They were the assessments that so many wanted but 10 years on even the keenest advocate of key stage testing is calling for a change, reports Warwick Mansell.

THE Government's testing drive for primary school pupils may have gone too far, a leading traditionalist advocate of national curriculum tests this week conceded.

The admission from Nick Seaton, of the right-wing Campaign for Real Education, comes as the tests continue to generate controversy in this, the month of their 10th anniversary.

Over the next few weeks, hundreds of thousands of seven, 11 and 14-year-olds will be put through the testing regime. But divisions over its value remain as entrenched as ever.

Two weeks ago, The TES published results of a survey which revealed that most pupils sit more than 30 tests or teacher assessments before they reach secondary school, with the brightest taking as many as 43.

This, claims Colin Richards, professor of education at St Martin's College, Cumbria, and the survey's author, makes English children the most heavily assessed in the world.

Now Mr Seaton, though remaining a fiercely enthusiastic proponent of testing in principle, has conceded that this may be too much.

He said: "The Government may want to look at the amount of time schools are spending on tests, and the number of papers. Though I don't think pupils feel unduly pressurised, the tests are not perfect and I'm sure they could be simplified."

Mr Seaton contends though that, 10 years on, the tests have achieved their principal goal.

He said: "They provide some fairly basic information to parents, politicians and anyone who wantsto judge the performance of schools.

"They have done what was intended - to make schools and local authorities accountable to their consumers, the parents and children in schools."

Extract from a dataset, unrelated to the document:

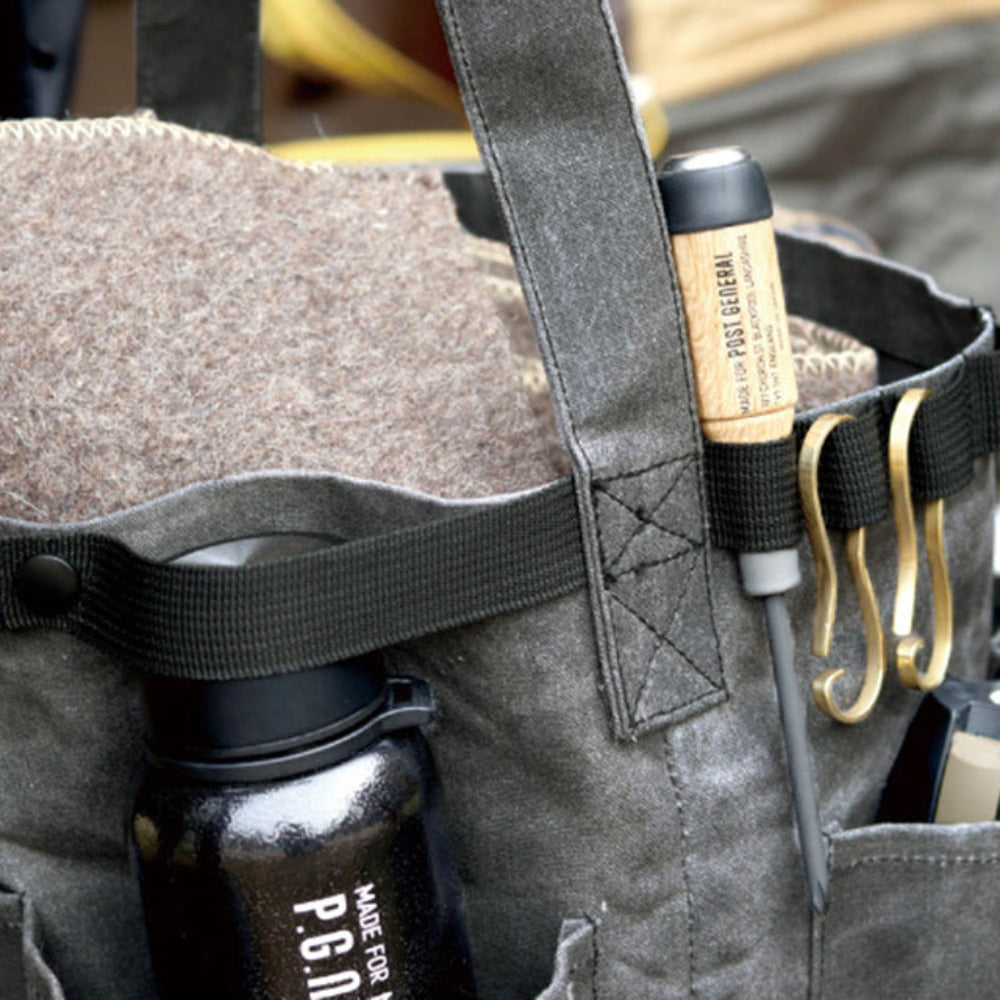 Post General Waxed Canvas Tool Bag Round - Grey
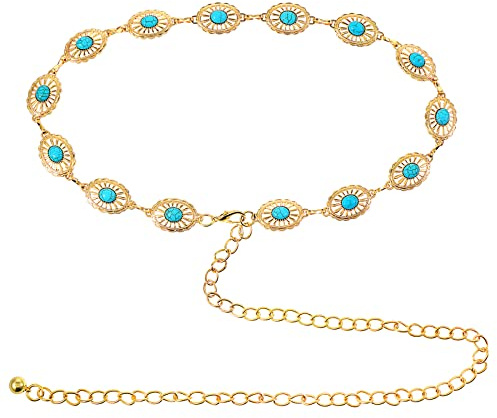 cobee Concho Chaîne Ceintures pour Femmes, Turquoise Western Metal Ceinture Réglable Cowgirl Ceinture avec Boucle pour Jeans Robes (Or)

Yet opponents of the tests remain just as committed as they were 10 years ago. Bethan Marshall, who led a boycott of key stage 3 English tests in the early 1990s, said: "The full extent of the damage done by the tests has been far worse than even we envisaged when we boycotted them back in 1992-3.

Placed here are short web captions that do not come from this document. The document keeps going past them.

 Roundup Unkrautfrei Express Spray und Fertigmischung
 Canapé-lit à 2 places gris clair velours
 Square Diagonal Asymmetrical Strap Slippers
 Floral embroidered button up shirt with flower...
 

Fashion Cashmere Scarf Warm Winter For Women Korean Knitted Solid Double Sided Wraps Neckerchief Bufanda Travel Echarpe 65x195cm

"For a start, we did not have primary league tables back then. When Labour came to power, it not only continued with the tables but set its own targets for the numbers of kids hitting expected levels in key stage 2 tests.

"It has ratcheted up the stress levels in the system, using children's achievements as the means by which success is judged."

John Bangs, head of education at the National Union of Teachers, is concerned that whereas the Government and the Office for Standards in Education have recognised the pressures inspections place on schools, there had been no acceptance of teachers' unhappiness with the tests.

He said: "I think the Government has taken away from teachers any sense of ownership in testing and assessment. Teachers see them as a chore, and they do not like league tables, which are only used for invidious comparisons between schools.

"Just as the Government has given a green light to a review of OFSTED and accepted the principle of school self-evaluation, so it should accept the need for change on the tests. Certainly it should get rid of the utter anachronism of league tables."